マフラーの交換によってクルマに不具合が出るケースも
  このため、テールパイプは1本より2本、4本のほうが抵抗が小さくなり、よりスムースに排気ガスを排出することができるようになる。テールパイプ径も同様で、太くなれば抵抗が小さくなり、やはりスムースな排出効果が得られることになる。また、テールパイプ径が太くなることは、パイプ断面が大きくなることで周波数が下がり、低い排気音を響かせる効果もある。
  では、テールパイプの本数は多く、パイプ径は太いほど排気効率に優れるかといえば、一概にそうとも言えない。排気ガスには脈動効果があり、燃焼ガスをリズムよく排出する働きのほかに、吸入気をシリンダー内に吸い入れる効果も持っている。そして、この排気の流れは、排気マニホールドの形状(結合方式なども含む)、長さ(排気ポートから第1フランジまで)によって特性が大きく左右される傾向がある。

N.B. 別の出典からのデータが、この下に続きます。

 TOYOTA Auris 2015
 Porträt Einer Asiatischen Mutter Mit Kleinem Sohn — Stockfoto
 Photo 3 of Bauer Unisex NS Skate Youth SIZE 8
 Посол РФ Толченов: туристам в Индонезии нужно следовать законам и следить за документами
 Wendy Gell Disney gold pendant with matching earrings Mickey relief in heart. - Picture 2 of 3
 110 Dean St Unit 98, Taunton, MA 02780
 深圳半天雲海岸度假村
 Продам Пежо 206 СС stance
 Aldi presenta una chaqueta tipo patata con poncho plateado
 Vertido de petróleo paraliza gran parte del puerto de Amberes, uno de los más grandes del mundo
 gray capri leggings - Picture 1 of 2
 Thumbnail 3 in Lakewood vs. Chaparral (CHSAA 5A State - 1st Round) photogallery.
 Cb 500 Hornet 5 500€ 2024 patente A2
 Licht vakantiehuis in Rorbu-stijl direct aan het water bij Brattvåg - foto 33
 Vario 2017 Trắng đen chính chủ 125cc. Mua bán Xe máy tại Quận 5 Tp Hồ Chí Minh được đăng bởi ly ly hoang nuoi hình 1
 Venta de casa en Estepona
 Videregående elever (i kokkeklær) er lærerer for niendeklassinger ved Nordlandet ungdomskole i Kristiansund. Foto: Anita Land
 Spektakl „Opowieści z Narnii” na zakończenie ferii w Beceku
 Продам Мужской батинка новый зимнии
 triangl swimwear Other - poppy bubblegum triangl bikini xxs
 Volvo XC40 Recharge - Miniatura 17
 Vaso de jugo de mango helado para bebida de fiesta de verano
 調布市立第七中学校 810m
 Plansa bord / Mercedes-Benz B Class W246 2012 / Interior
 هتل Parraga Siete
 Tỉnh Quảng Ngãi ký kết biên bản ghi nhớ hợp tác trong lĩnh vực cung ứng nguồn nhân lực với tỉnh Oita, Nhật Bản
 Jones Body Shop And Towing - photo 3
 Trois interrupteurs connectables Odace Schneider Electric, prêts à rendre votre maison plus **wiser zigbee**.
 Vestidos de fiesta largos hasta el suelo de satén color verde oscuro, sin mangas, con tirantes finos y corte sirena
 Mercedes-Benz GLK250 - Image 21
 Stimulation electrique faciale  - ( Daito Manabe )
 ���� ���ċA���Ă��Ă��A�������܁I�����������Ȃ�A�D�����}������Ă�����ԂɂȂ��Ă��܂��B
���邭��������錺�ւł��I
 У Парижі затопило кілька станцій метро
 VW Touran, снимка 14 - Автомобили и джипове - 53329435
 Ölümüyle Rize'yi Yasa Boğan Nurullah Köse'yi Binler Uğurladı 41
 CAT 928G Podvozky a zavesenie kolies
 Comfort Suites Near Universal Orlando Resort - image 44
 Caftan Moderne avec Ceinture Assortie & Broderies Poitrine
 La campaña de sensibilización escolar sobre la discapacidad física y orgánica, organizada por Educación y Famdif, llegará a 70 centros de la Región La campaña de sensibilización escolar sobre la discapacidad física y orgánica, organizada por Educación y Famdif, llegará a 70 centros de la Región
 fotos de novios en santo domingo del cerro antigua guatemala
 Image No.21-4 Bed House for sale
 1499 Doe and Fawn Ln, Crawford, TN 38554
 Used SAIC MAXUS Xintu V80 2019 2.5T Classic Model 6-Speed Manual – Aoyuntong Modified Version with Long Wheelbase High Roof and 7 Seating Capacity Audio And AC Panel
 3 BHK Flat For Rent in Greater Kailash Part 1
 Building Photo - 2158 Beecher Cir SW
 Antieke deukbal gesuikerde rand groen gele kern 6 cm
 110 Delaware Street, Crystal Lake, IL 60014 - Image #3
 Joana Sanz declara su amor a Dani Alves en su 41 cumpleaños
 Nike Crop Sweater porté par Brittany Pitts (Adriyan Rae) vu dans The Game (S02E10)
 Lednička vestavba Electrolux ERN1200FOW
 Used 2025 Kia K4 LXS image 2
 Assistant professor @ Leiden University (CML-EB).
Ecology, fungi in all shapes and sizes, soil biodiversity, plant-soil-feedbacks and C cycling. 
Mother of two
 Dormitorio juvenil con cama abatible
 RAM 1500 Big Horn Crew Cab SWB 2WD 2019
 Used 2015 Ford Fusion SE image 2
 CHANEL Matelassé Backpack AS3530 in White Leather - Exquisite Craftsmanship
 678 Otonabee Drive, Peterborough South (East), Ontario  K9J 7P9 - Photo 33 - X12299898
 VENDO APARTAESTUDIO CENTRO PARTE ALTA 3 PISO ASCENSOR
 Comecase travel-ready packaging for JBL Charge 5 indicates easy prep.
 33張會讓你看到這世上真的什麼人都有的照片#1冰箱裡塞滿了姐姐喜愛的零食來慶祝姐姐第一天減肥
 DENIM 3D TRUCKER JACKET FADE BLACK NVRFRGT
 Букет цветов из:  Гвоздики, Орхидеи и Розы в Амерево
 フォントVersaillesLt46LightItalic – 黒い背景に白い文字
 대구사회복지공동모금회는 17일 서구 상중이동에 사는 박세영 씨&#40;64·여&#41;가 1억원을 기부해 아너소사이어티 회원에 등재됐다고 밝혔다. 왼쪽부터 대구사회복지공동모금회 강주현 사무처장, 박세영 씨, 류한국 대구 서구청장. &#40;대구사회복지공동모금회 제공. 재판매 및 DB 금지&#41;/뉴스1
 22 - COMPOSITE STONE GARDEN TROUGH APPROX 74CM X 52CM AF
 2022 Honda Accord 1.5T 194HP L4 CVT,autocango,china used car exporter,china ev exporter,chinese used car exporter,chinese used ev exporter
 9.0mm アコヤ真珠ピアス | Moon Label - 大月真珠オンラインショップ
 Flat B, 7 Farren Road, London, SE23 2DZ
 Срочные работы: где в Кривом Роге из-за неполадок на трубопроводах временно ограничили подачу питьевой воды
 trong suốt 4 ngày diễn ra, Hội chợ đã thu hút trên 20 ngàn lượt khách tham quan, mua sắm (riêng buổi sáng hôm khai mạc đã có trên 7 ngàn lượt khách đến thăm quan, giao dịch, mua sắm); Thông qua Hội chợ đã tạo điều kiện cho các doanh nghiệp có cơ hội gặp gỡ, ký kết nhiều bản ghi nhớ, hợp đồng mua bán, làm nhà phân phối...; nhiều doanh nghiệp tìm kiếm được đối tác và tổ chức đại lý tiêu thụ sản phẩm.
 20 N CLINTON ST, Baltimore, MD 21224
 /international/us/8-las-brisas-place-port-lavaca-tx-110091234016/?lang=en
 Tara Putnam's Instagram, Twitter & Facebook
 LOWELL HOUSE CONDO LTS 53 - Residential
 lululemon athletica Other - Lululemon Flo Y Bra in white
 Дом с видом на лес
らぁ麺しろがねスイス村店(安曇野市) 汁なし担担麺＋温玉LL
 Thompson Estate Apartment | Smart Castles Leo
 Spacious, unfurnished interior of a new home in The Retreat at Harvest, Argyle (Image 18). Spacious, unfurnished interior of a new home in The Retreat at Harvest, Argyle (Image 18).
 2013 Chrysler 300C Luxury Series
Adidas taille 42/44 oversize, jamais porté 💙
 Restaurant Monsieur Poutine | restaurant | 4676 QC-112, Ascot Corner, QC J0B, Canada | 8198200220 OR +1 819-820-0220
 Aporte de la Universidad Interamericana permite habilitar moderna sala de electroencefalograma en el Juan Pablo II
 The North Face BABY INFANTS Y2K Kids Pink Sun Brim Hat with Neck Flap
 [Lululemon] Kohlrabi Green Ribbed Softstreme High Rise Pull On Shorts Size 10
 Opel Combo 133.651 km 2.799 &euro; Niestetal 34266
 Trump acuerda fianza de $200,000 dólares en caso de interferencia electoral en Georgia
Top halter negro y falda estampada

  市販車の排気系は、触媒、マフラー(サイレンサー)と排気の流れを妨げるデバイスが装着されているが、もっとも効率に優れた排気系は、これらを持たないストレートな排気システムである。かつてのレーシングカーを見ればよく分かるが、4気筒なら4-2-1、あるいは4-1結合、6気筒なら6-2-1、あるいは6-1結合の排気マニホールドに直接パイプをつなぐ排気システムが一般的だった。ただ、いくらサーキットレースとはいえこれでは爆音だという問題意識から、80年代に消音器(マフラー)の装着が義務づけとなった。
  基本的には、排気系は抵抗を小さくすれば、その分だけ排気効率は向上すると考えてよいが、たとえばターボカーで過給圧をコンピューターで制御しているクルマの場合、マフラーを低背圧のものに換装するとコンピューターが正常に働かなくなるケースもある。
  これはマフラーの換装に限った話ではないが、コンピューターによってエンジンが制御されている現行の車両で、エンジンの運転に関わる「何か」を交換しようとした場合、そのパーツが自分の車両(車両型式、エンジン型式、生産年など)に合致しているか否かを確認することが、まず最初の作業となる。交換作業はくれぐれも慎重に。